I'm also confused about this option in the Viper. It is referring to wire H2/9 but then it is referring to the rear defogger which is H2/3. I would like some guidance on using H2/9, H2/3 and the GWR input on the iDataLink. The iDataLink needs ground when running before the ignition.
11. Status 2 Output (Dark Blue H2/9 wire)
1. Status: the output will activate before the ignition outputs turn on, and de-activate after they turn off
during remote start
2. Latch rear defogger: the output activates 10 seconds after start if the interior temperature is below
55F. It turns off after 10 minutes or upon remote start off
3. Pulse rear defogger: the output activates (for 800mS) 10 seconds after start if the interior temperature
is below 55F.
kreg357 
Platinum - Posts: 7,783
Platinum spaceThis member has made a donation to the12volt.com. Click here for more info.spaceThis member has been recognized as an authority in Electrical Theory. Click here for more info.spaceThis member has been recognized as an authority in Mobile Security and Convenience. Click here for more info.spacespace
Joined: January 30, 2009
Location: Pennsylvania, United States
Posted: May 11, 2013 at 10:44 AM / IP Logged  

Wow!  Very good job. 2010 acura tsx viper 4704 -- posted image.   You did your home work on this.

IGNITION SWITCH, (WHITE, 5-Pin Plug) Pin 2, 12V Constant, 50 amp:

Inline 50 amp fuse then use for all 12V
Can I use this for all 12V in the install?    Yes

IGNITION SWITCH, (WHITE, 5-Pin Plug) Pin 4, RED (+), ACCESSORY /HEATER BLOWER 2:

To viper with flex relay      ***Set Viper Flex Relay to ACC2   Menu 3, Item 8, Option 2

HEADLIGHT SWITCH, (BLACK/ WHITE, 12-Pin Plug) Pin 11, GRAY (-), PARKING LIGHTS ( - ):

To viper    ***Set Viper Jumper/Fuse to (-)
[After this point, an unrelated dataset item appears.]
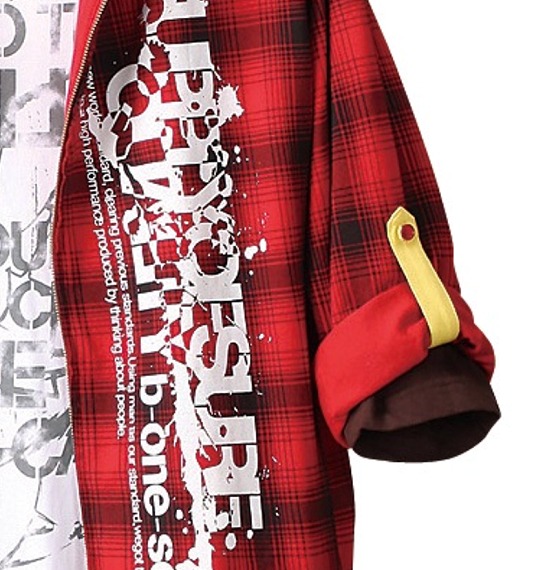 b-one-soul パーカー+ラグラン七分Tシャツ レッド×ブラウン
Drives fuse box, 20 pin Lt Green Plug plug, Pink wire @ pin 3, , Trunk:

To Trunk relay, 30          Don't think you will need a relay.

H1/6,ORANGE,500 mA GROUND WHEN ARMED OUTPUT:

Starter relay 85    Also see Viper programming Menu 3, Item 13 for Anit-Grind

H2/3,BLUE/WHITE,(-) 200mA 2ND STATUS /REAR DEFOGGER OUTPUT:

To defog relay, pin 85
Does this latch or pulse?   See Viper Menu 3. Item 11, Option 2
Rear Defrost  BROWN / WHITE (-) LATCHED  DRIVER FUSE BOX, GREEN 33 PIN CONNECTOR, PIN #6

H2/6,GREEN,(-) DOOR INPUT*:

To iDataLink 3/2,Yellow/Black, Door Status - Output
Is iDataLink NC or NO?    N.O. - just like normal door triggers

H2/9,DARK BLUE,(-) 200mA STATUS OUTPUT:

To iDataLink 4/1,Blue/White, GWR - input
Does this ground before ignition?    Yes
What is menu 3/11 saying?   Menu 3, Item 11 is for H2/3

H2/17,GRAY,(-) HOOD PIN INPUT (NC OR NO:

To iDataLink,3/1,Yellow,Hood Status - Output
Should this be NC or NO for iDataLink?   N.O. - just like normal door triggers 
Signal present only if vehicle has factory hood pin.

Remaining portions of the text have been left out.